§ Dataset extract

○ ○ ○ ○

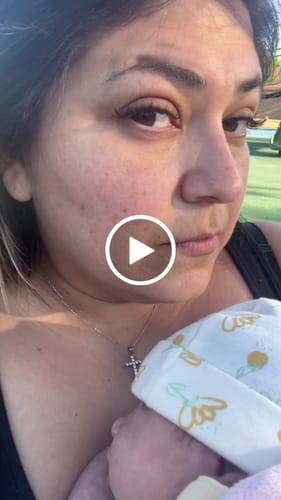 Customer video review of Manga - Brown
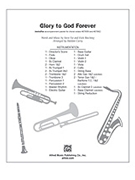 Glory To God Forever by Fee Steve and Beechin - Curry Sheldon - for Instrumental Parts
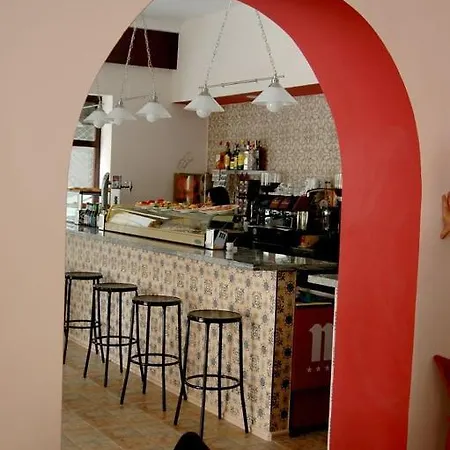 Santa Ana אלדה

○ ○ ○ ○

The material above is to be repeated word for word, with no images kept.

§ Answer box
 Customer video review of Manga - Brown
 Glory To God Forever by Fee Steve and Beechin - Curry Sheldon - for Instrumental Parts
 Santa Ana אלדה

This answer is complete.